Hey, I'm looking for a regular 3ed D&D game. I'm a long time gamer and I will be happy to provide you with references if you want.


----------



## Greylock (Jul 26, 2006)

EnWorld references that apply:

alsih2o, myself, Beale Knight, brutorzbill, and who knows who else.

Edge is one of the best roleplayers I have ever gamed with, and a general pleasure to be around even when not gaming.

[And a darned good cook to boot.]


----------



## ender_wiggin (Jul 26, 2006)

Hmm. That's interesting. I'm also looking for a St. Louis based group. Well, I'm not there year-round, but I go to school there.
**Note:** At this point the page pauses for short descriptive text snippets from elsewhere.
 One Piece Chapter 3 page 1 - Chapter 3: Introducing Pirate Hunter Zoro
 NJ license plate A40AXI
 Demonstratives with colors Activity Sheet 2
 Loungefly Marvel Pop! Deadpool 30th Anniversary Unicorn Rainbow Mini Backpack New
Lol, I don't have crazy references like you, but I consider myself reasonably experienced, and would never sit down and game with someone until I've spent some chill time with them anyway, so I don't think that should be problematic.


----------



## edge3343 (Jul 29, 2006)

ender_wiggin said:
			
		

> Hmm. That's interesting. I'm also looking for a St. Louis based group. Well, I'm not there year-round, but I go to school there.
> 
> Lol, I don't have crazy references like you, but I consider myself reasonably experienced, and would never sit down and game with someone until I've spent some chill time with them anyway, so I don't think that should be problematic.



Drop me an email sometime:
dusenbutt (at) yahoo.com


----------



## edge3343 (Jul 29, 2006)

Greylock said:
			
		

> EnWorld references that apply:
> 
> alsih2o, myself, Beale Knight, brutorzbill, and who knows who else.
> 
> ...



Dude! How's the ole gang?

Crazy stuff going down at my old Schnucks oh Hwy 64!


----------



## Greylock (Jul 30, 2006)

BK's game is struggling. Wes has had some real life stuff knock him around. But Next Age Heroes is still moving, albeit slowly. Syl still carries Porter's coin purse.
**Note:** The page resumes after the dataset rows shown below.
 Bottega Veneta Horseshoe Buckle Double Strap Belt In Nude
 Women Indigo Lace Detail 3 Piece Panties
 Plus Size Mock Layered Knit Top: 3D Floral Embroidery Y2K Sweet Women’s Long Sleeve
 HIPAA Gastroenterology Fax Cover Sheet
Found a random post here in the GsG from someone seeking new players in Memphis, and followed it for a bit. The thread died in the crash here a while back, but it put me in touch again with Will W, and we gathered a couple of new folks, straight from this forum. I brought in one of the "replacements" from Wes' game, and now we have a second game going.

Yes, with the Mastermind of the "Incident at the Rope Bridge" DMing. 

Guess what? Tonight Will had a guest run some NPCs.

Oh yes, history DOES repeat itself.  But we are having a blast. Some real creative stuff going on.

Any luck finding a game yet? You know, you could always come back home. ;p  Wes' game could really use a reappearance by Walther.


----------



## Greylock (Jul 30, 2006)

Re: 64

One of the girls is still in the hospital. 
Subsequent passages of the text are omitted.